[LXD] Restrict CPU placement to NUMA nodes

gabrielmougard · June 6, 2023, 5:59pm


Project	LXD
Status	Implemented
Release	5.15
Internal ID	LX042

Abstract

This feature will introduce a new limits.cpu.nodes config key which takes a range or comma separate list of NUMA nodes.

When set, any dynamic value of limits.cpu will trigger our scheduler to only place the instance CPUs within the configured set of NUMA nodes.

Rationale

Memory access is always the fastest, when the CPU can access its local memory. NUMA Nodes are CPU/Memory couples. Typically, the CPU socket and the closest memory banks build a NUMA Node. Whenever a CPU needs to access the memory of another NUMA node, it cannot access it directly but is required to access it through the CPU owning the memory. The performance degradation in a case where the CPU is not being able to access the memory through the local NUMA node can be massive and slow down the application a lot.
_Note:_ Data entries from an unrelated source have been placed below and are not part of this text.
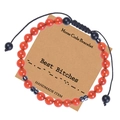 Detail des Morse-Code-Armbands aus rotem Achat auf Kraftkarte mit Best Bitches Gravur - Beste Freundinnen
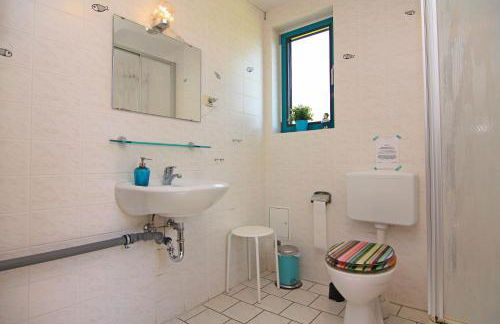 Bungalow am See mit Ruderboot in Klein Labenz - Foto 28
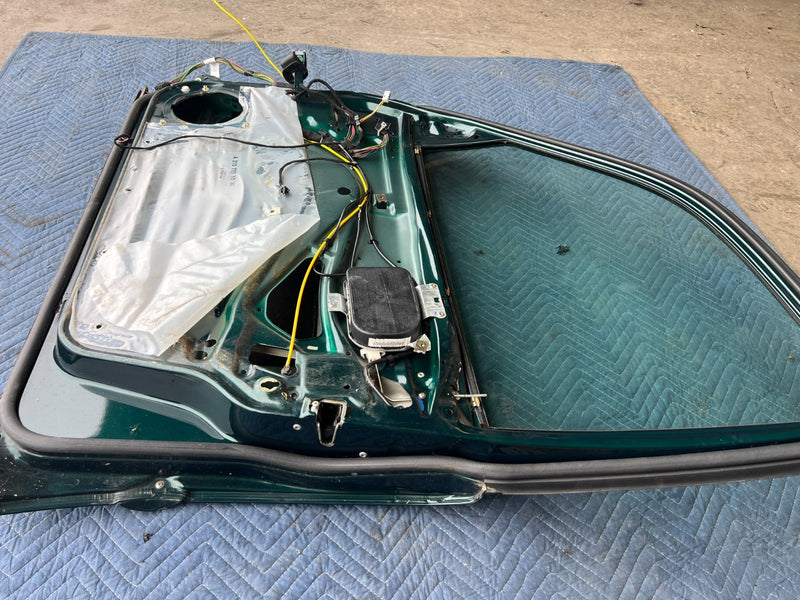 1998-2003 Mercedes W210 E320 Front Passenger Right Door Assembly OEM #4729EM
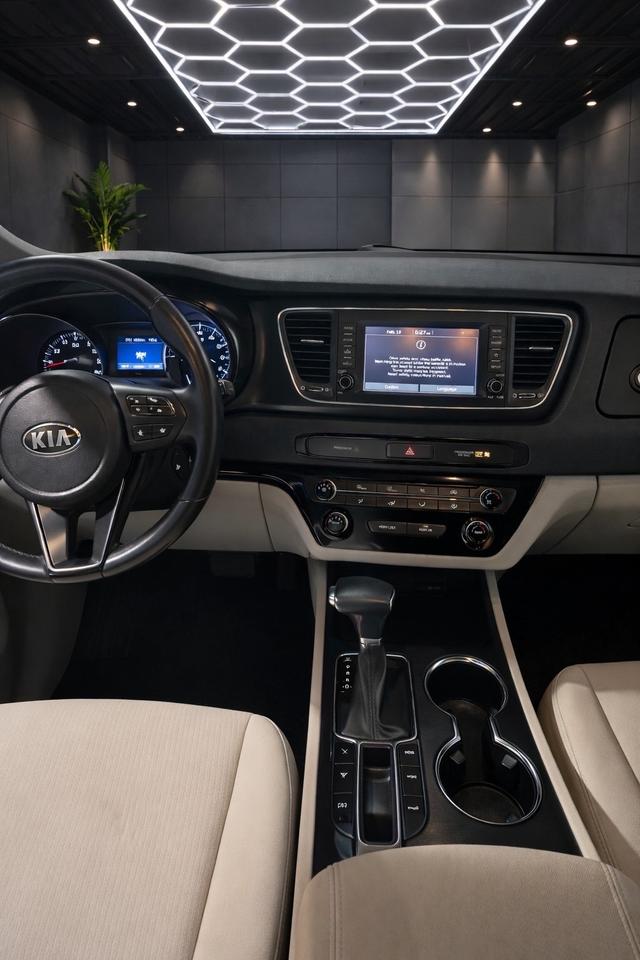 2019 Kia Sedona LX FWD Photo
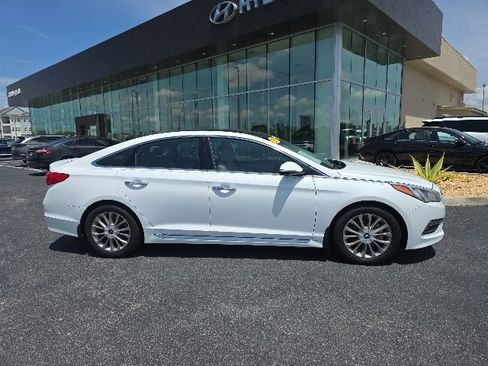 Used 2015 Hyundai Sonata Limited w/ Option Group 05 FWD image 23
In order to avoid such cases, we would like to give the user the option to restrict instance CPUs to a set of specified NUMA nodes. As such, we could have an instance that has an optimized memory locality, or processor load, specifying a set of NUMA nodes that are close to each other.

Specification

Design

In a case where the specified limits.cpu is dynamic (i.e, a given number of CPUs to use) and not pinned (i.e, a given list of CPU thread IDs or range of CPU thread IDs), we will consider reading the value of limits.cpu.nodes which is either a list of NUMA node IDs or a range of NUMA node IDs.

For example, here is a NUMA configuration:

$ lscpu | grep -i numa

NUMA node(s):                    2
NUMA node0 CPU(s):               0-5,12-17
NUMA node1 CPU(s):               6-11,18-23

Here is an associated simplified image of the CPU topology:

Then, with my example in mind, if I choose limits.cpu.nodes=0, I will consider load-balancing on CPUs 0-5 and 12-17. If I choose limits.cpu.nodes=0,1 or limits.cpu.nodes=0-1 (it could be limits.cpu.nodes=0-x, x being an integer representing the upper NUMA node ID), in my example, I will consider load-balancing on all my CPUs.

What happens if limits.cpu is a number (let’s call it n) greater than the number of elements in the set of NUMA node ID ? We just chose to pin all the CPUs contained in the NUMA node set and the remainder is load-balanced as usual (not pinned)
If n is lesser or equal to the number of elements in the set of NUMA node ID, we pin the NUMA CPUs in ascending order ((NUMA_Node_0.NUMA_CPU_0 -> ... -> NUMA_Node_0.NUMA_CPU_K ) -> ... -> (NUMA_Node_L.NUMA_CPU_0 -> ... -> NUMA_Node_L.NUMA_CPU_M ) )

API changes

New limits.cpu.nodes config key which is a range or comma separate integers (each integer being a NUMA node identifier)

CLI changes

No CLI changes.

Database changes

No database changes.

stgraber · June 7, 2023, 4:32pm

I think in that scenario we should still limit to CPUs in the NUMA set.
So basically resulting in an instance with less CPUs than requested.
It’s the same behavior you get if you request more CPUs than you physically have without the NUMA set in play.

tomp · June 9, 2023, 7:40am

Thanks for this spec @gabrielmougard I appreciated the clear description of the problem space.